# Prompt:
Can you copy the lines from the one that contains "알앤씨 갤러리 ‘안녕" through the end of the material below, exactly and with nothing else?

### Data for review ###

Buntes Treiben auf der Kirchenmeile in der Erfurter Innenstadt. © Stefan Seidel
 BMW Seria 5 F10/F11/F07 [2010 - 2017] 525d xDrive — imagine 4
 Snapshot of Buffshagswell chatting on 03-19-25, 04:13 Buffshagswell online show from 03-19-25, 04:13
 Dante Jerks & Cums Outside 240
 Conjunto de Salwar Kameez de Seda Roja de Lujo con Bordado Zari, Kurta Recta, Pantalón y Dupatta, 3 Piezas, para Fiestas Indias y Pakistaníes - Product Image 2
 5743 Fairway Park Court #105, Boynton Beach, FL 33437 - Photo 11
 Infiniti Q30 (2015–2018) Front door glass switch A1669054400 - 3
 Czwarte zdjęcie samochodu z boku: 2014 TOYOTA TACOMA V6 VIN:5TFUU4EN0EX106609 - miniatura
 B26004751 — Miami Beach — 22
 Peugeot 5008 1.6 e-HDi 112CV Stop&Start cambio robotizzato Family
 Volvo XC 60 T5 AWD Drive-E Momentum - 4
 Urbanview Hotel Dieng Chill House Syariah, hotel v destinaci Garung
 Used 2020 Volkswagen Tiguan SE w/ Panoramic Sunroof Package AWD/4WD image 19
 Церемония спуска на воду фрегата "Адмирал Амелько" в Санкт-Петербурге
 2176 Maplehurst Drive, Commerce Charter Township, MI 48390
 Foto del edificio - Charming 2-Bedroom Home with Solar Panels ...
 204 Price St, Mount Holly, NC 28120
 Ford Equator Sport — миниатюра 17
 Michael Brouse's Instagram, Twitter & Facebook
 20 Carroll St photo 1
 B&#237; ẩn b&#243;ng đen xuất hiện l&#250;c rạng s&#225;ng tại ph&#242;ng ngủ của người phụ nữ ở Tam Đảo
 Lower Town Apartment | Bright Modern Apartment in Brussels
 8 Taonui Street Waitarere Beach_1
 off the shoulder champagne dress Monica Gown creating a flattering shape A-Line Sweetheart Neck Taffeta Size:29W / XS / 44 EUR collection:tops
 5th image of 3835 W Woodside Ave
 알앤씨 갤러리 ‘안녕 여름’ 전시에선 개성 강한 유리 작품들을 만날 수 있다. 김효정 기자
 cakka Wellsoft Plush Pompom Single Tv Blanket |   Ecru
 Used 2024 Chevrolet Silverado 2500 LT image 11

###

# Expected answer:
 알앤씨 갤러리 ‘안녕 여름’ 전시에선 개성 강한 유리 작품들을 만날 수 있다. 김효정 기자
 cakka Wellsoft Plush Pompom Single Tv Blanket |   Ecru
 Used 2024 Chevrolet Silverado 2500 LT image 11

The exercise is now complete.